You see, I've done five indices this year.  True, my brilliant students Jason Rea, Lauren Provost, Tara McGoldrick and now Maryellen Groot (learn these names: They are future professors, famous lawyers and captains of industry)  have been doing the code-insertion.  But in the end I'm responsible for the cumulative index for five volumes of Tolkien Studies.  And now I have to re-index a book I wrote and indexed nearly ten years ago.  It is enough to make you want to kill some more widows (or wander around a level-35 enemy camp completely nuking everything that moves in range of your level-56 crossbow. Not feeling like such a tough goblin now, are we Nishruk?).   

So that's the bad news.  The good news is now that there won't just be a new preface, corrections throughout and two (and, if I'm lucky, three) new sections added to the introduction.  I can do a much more thoroughgoing revision to the text, and I can integrate the new material (tables showing the evolution of the original Oxford lectures into the published lecture; the identification of the various voice in the 'Babel of Voices' section, and, perhaps, a previously unpublished note that relates to the text), and I can revise some of the conclusions (W.P. Ker is even more important than I had realized) .  So the "Expanded and Corrected" second edition will now be even more true than it was in the original plan and I will be able, with a clean conscience, to encourage you to buy either the paperback release or the planned "collector's edition" (we still haven't figured out the logistics of my signing all of them.  I suggested flying me to Arizona in the middle of winter.  They haven't said "no" that that yet).  

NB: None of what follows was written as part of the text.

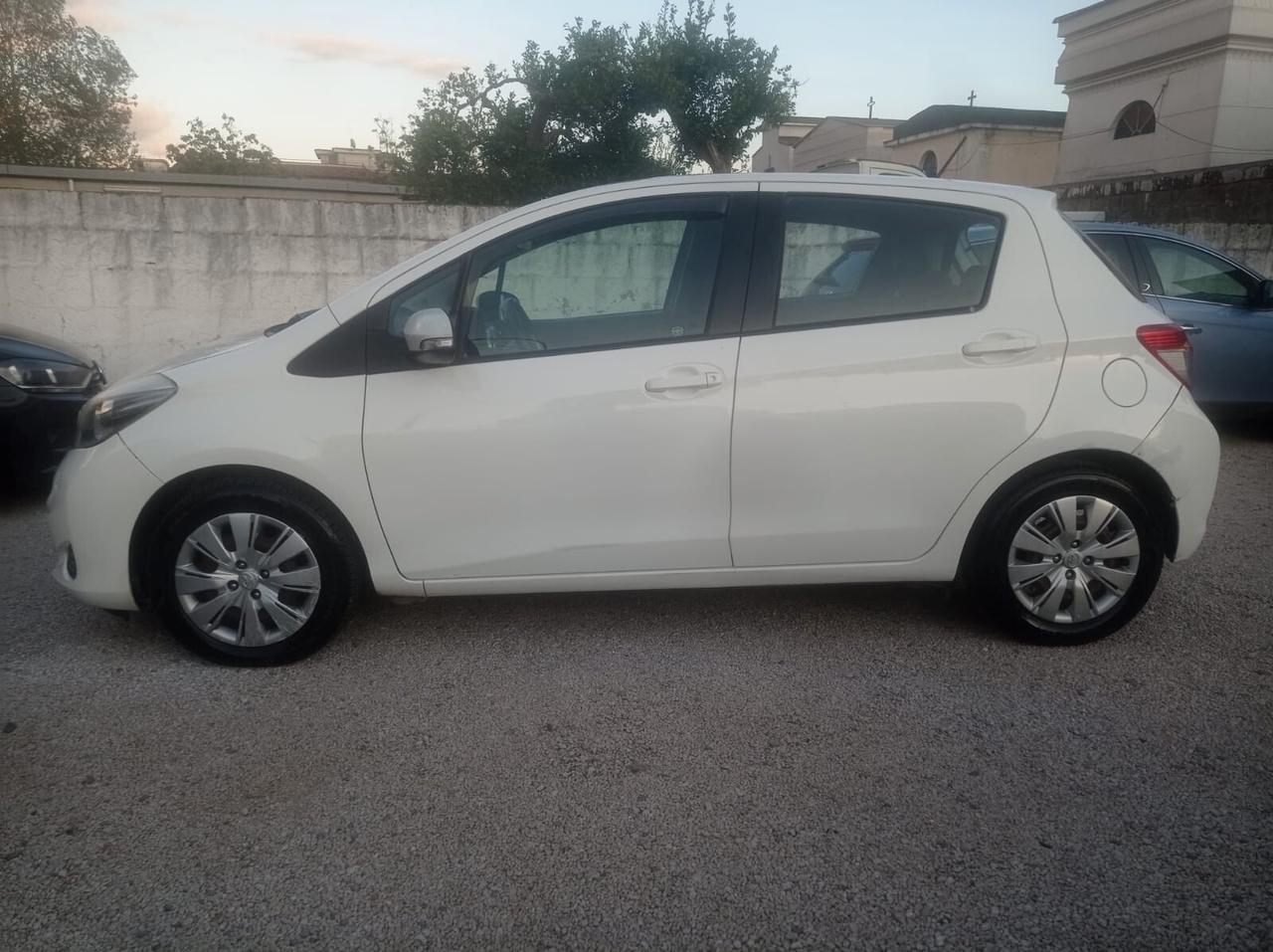 Toyota Yaris 1.0 5 porte Lounge -2012
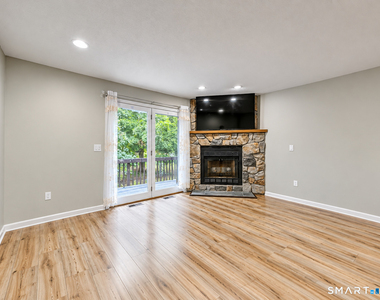 704 Mill Pond Drive - Photo Thumbnail 10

And one final note: if you are one of the rare few who are selling copies of my book on Amazon for >150.00, you suck (well, a little), because I have no extra copies of my own to sell and thus can't capitalize on the fortunes of an out-of-print book.  And the good news for you, though not for me, is that the ones you have will soon not only be a hard-to-get first edition, but a first edition that really is different than the second edition.  You're welcome.  Please send checks, fruit baskets or huge bars of gold to my Wheaton address.  

3 comments:

BWG said...

And I have a signed first edition--can't sell it, exactly for that reason. Anyway, I'm looking forward to this second one, especially if it would be available in paperback.

Thomas Deniau said...

That's great !

However, I thought that the days where one had to revise an index by hand were already past...

Wasn't your first index computer-generated ?

highlyeccentric said...

oooo! I bought the lovely annotated version of "On Fairy Tales" last year - two days after which I discovered that what I really needed was Monsters and Critics. Such a lovely, lovely essay. I think I shall be waiting for this new edition with bated breath!